Looking back, the style of the ‘New Beetle’ didn’t have much in common with the original. That car was defined by three semi-circles – front wing, rear wing and domed roof – which determined its cartoon-like look. This one dispenses with that geometry, based on larger, more modern Golf underpinnings. Not a good basis, you’d think, for trying to better replicate the 1940s original but the design team resolved to try anyway. A post-war original version was parked in their office and the stylists were told to immerse themselves in Beetle memorabilia.
And sure enough, something of a feel of Dr Ferdinand Porsche’s early ‘Peoples’ Car’ has somehow made it through to this third generation model, most notably in the large wheels plumply positioned beneath the flared flowing arches and a rear C-pillar that follows the contours of the original design. So there’s something of the past, artfully mixed with a sporty vision of the future. Really? A sporty-looking Beetle? It’s quite a new concept for British buyers but not so for the American market this car is primarily aimed at. The US holds a strong historical Beetle-tuning culture and wanted potency rather than design pastiche when the time came for this model.

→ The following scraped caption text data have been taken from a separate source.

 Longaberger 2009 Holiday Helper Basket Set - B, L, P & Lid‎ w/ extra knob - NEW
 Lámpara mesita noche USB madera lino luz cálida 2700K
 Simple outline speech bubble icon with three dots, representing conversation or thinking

Perhaps the most notably visual change in this respect is the lower roof that the larger floorplan has enabled to be swept further back. At the front where the big circular headlamps are unique in the Volkswagen range, there’s a longer bonnet in front of a more steeply raked windscreen that’s been shifted further back. Overall, it’s a cleaner, more self-confident lower profiled look that even has something of a touch of Porsche 911 about it.
Moving inside this three-door-only bodyshape, you notice that the frameless doors open wide – but not so wide as to make ingress difficult in tight parking spaces. And at the wheel, you’re seated behind a traditional upright dashboard with a set of three traditional dials visible through a sporty three-spoke thin-rimmed wheel. Unfortunately, the plastics are traditional too, so no Golf-like soft-touch surfaces. Still, the quality seems good even if the Mexican factory doesn’t seem to screw things together quite up to German-fabricated Golf standards. Still, the look and feel all seems to suit this car’s retro vibe, especially with the body-coloured door sill and dash inserts you get on plusher models. And on that subject, other early Beetle touches include the upwards-opening glovebox, natty elastic straps instead of door pockets and the optional auxiliary instruments you can specify to sit above the infotainment controls.

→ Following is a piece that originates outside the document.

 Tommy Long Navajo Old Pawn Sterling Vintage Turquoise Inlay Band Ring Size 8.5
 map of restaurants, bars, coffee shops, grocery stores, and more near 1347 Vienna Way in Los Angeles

Volkswagen claims that those confined to the two-seater bench at the back get a better deal than before. It’s lower now, but compensation is provided by the bigger floorplans greater length and width, supposed to benefit both leg and elbow room. Fine in principle but in practice, the way the body tapers towards the rear makes this back seat a necessarily cosy place to be. Fine though for kids – or adults on relatively short journeys. And miles better of course than a MINI or a Fiat 500.
Out back in the space where the original Beetle once had its air-cooled engine, there’s now a bootlid that swivels upwards – together with the rear windscreen – when opened, revealing 310-litres of cargo capacity, 50% more than before. The sloped bootlid makes it awkward to carry taller items though. Push forward the 50:50 split-folding rear seat and the space on offer can increase to as much as 905-litres, which makes this by far the most practical of all the retro-style models on the market.

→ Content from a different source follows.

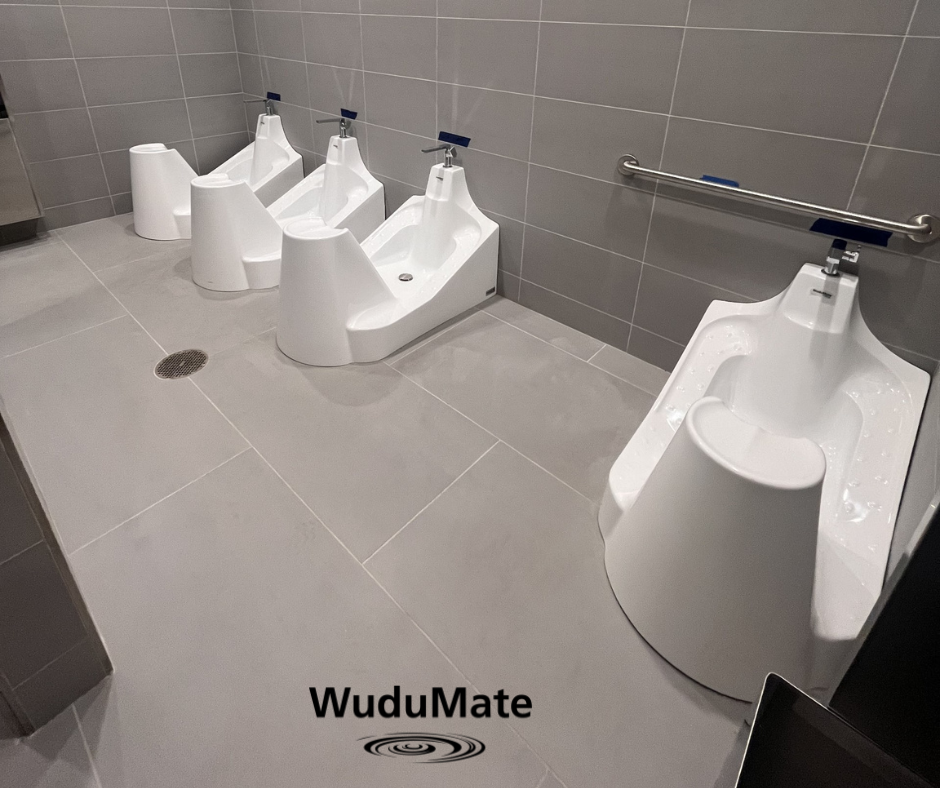 Image shows 4 WuduMate Classic units, one of which has grab bars to assist mobility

You could argue that in this MK3 design, we finally have the proper Beetle tribute model we should have had in the first place. This car borrows its heritage, its silhouette and its retro uniqueness from the post-war original, but fuses it with the sort of fuel economy, safety and creature comforts that the modern buyer demands - without the retro excesses and gender-specific touches of the previous car. This time round, the sportier look is matched by a sportier feel from an efficient range of engines but even so, this is a design you’ll still either love or hate.
Which is just as it should be. A model like this remains an unashamed indulgence, both on the part of its maker and those who will use it. True, the trend modern Beetles once set for High Street chic has now been copied by a whole clutch of rivals. Yet you can see why loyal owners love this Volkswagen so much. It certainly isn’t a rational choice. But then, if we did everything for rational reasons, the world would be very dull indeed. Just as its original predecessor did over seventy years ago, this car has made the automotive landscape just that little bit brighter.